Head First Dive Into The File System

Posted Dec 31, 2025 Updated Feb 24, 2026

By Satish_Karki 11 min read

Now that my Proxmox VE is up and running, I plan to run TrueNAS as a KVM virtual machine and pass through my SSDs to create a ZFS storage pool inside it.

I currently have four SSDs: one 512 GB and three 256 GB. I intend to add a quad M.2 PCIe adapter by enabling PCIe bifurcation (a feature that allows a single physical PCIe slot to be logically divided into multiple smaller independent PCIe links, x16 -> four x4).

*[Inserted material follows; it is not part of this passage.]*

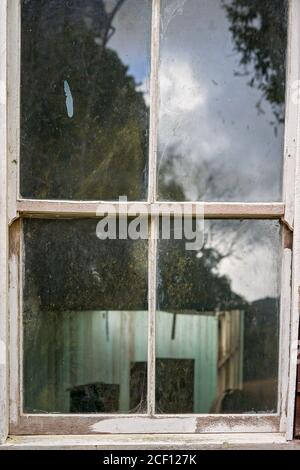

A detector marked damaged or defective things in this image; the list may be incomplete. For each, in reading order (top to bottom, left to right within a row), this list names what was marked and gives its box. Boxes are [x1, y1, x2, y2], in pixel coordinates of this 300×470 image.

peeling white paint [89, 418, 197, 434]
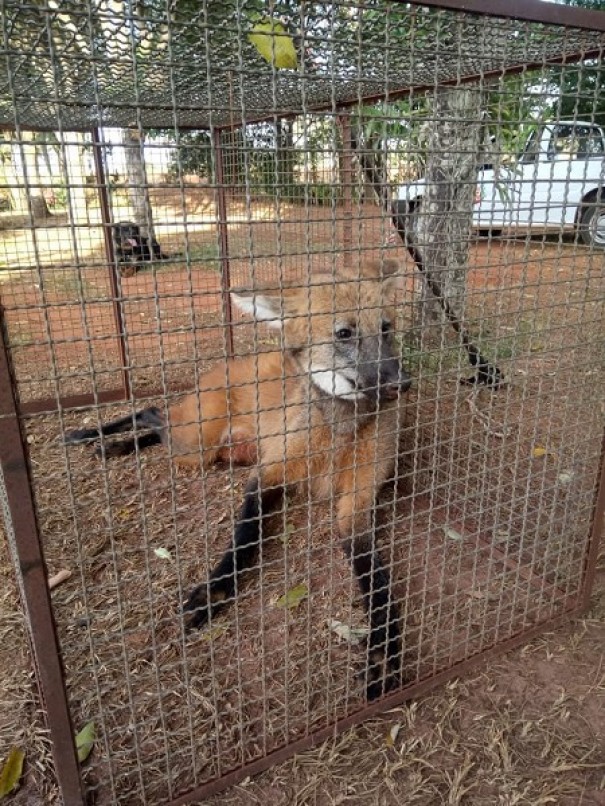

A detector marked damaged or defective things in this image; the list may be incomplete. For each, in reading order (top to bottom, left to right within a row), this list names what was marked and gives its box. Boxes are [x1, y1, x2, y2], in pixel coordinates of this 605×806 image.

With a total of 4 SATA SSDs and 4 NVMe SSDs available, I want to implement ZFS in the most efficient way possible.

I know ZFS has built-in caching features to speed up reads, but before setting it up, I’d like to understand ZFS properly. And even before that — what exactly is a file system?

Let’s start by exploring file systems in general, then move on to ZFS, and eventually cover creating our storage pool and setting up caching.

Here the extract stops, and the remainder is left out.